Many stock market folk are superstitious, never more so than in September and October, traditionally the worst two months to invest in the British market.
According to The UK Stock Market Almanac, the reference guide that tracks historical market performance, the FTSE All-Share index has delivered an average monthly return of -1.1 per cent in September since 1982. The market has actually risen in half of all Septembers in that period, but when it has fallen, it has fallen badly. Since 2000, the index has tumbled by more than 8 per cent on three occasions.
Yet October is the month that really spooks superstitious types. Since 1984, seven of the ten biggest one-day falls in the UK market have been in October, including Black Monday on October 19, 1987, and Bloody Friday on October 24, 2008, when, at the height of credit crunch fears, stock indices around the world generally fell by about 10 per cent each. Of course, October was also the month in which the 1929 Wall Street Crash heralded the Great Depression and in which the Asian Crisis of 1997 took hold.
In recent years, though, October has not been as gruesome as that list would suggest, with the UK market falling in only five Octobers since 1982. This year, September has so far failed to deliver unpleasant surprises. With five trading days left, The FTSE All-Share is ahead by more than 1 per cent this month.

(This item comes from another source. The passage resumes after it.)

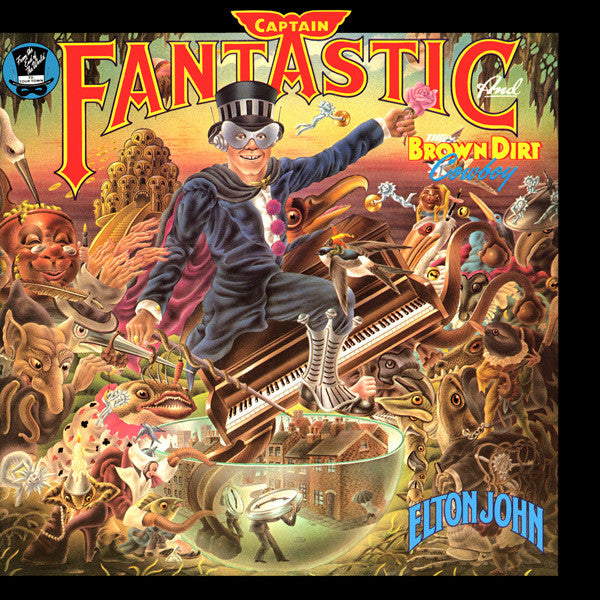 Elton John - Captain Fantastic And The Brown Dirt Cowboy (SECONDHAND)
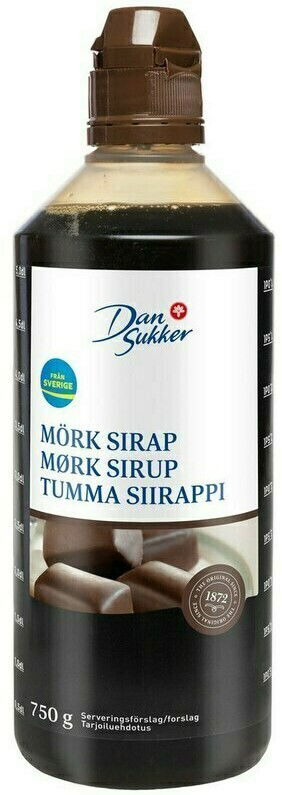 DanSukker Sirup dunkel 750 g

So what of October? On fundamental grounds, there are few reasons why markets should continue rising. In the United States, the S&P 500 trades on a price/earnings ratio of more than 18 times, compared with an average of 16 for the past ten years. In the UK, the FTSE 100 trades on a P/E ratio of more than 19 times, compared with a historical average of 14. Equity markets in other developed economies are similarly stretched. Moreover, markets have been rising for a long time. The S&P 500 and the FTSE All-Share began their present bull run in March 2009, since when they have risen by 218 per cent and 109 per cent, respectively.
Strikingly, on August 11, all three main American stock indices, the S&P, the Dow Jones industrial average and the Nasdaq, simultaneously hit record closing highs. The previous time that happened was on the final trading day of 1999, after which the dotcom bubble burst, ushering in three grim years for stock markets.
There are also many geopolitical reasons why a nervous investor might want to take profits or avoid committing new money: the growing chance of a Trump presidential election victory and ensuing protectionism; the British government’s inability to articulate what the UK’s relationship with the European Union will be like post-Brexit; China’s unsustainable credit bubble and the nascent “shadow banking” system there; elections in Germany, France and the Netherlands early next year, with the far right on the rise in each; a potential Italian constitutional crisis this autumn; continuing instability in Turkey; and Syria still in flames. And that is not even mentioning the fact that Russia has been in recession for nearly two years, tempting President Putin into aggressive policies abroad to distract from falling real incomes at home.
Crucially, corporate profitability has been stagnating in many sectors. In the S&P 500, earnings growth has slipped in key sectors such as energy, telecoms, finance and real estate, with only technology and consumer goods holding up. In the UK, all the big traditional cash generators on which investors have relied for the past ten to fifteen years, notably oil, mining and banking stocks, have seen their profitability hit by various factors of late. In their place, as Patrick Hosking noted in these pages last week, investors have come to rely on consumer goods companies, whose own ability to create returns has come not from higher profits but from debt-fuelled share buybacks.
In relation to bonds, whose valuations everywhere have been puffed up by asset purchases by central banks, equities still look to be of reasonable value. For example, in Europe, the difference between yields on equities, as measured by the MSCI index, and yields on government bonds is more than 350 basis points at present. Many professional investors have concluded that, although stocks look expensive when measured by their P/E ratios, their yields still make them attractive.
The problem is that this anomaly is entirely attributable to quantitative easing. So, in the absence of any rise in corporate earnings growth, this bull run can really be expected to last only as long as central banks continue their asset purchases. It’s all about when the free money runs out. The Bank of Japan and the European Central Bank are keeping the show on the road for now, yet, from Mark Carney’s recent comments, he clearly believes that the Bank of England is nearing the limits of monetary policy. The US Federal Reserve, meanwhile, is set to raise rates again in December.
There is an argument for saying that you should never try to time the market. It emerged last week that Terry Smith, one of this country’s greatest investors, has more than doubled his holding in his Fundsmith Equity Fund, taking it to £200 million. His is a buy-and-hold strategy.
However, for those who do worry about market-timing, there is an uneasy sense that the longer this bull run goes on, the nastier the ultimate reckoning will be.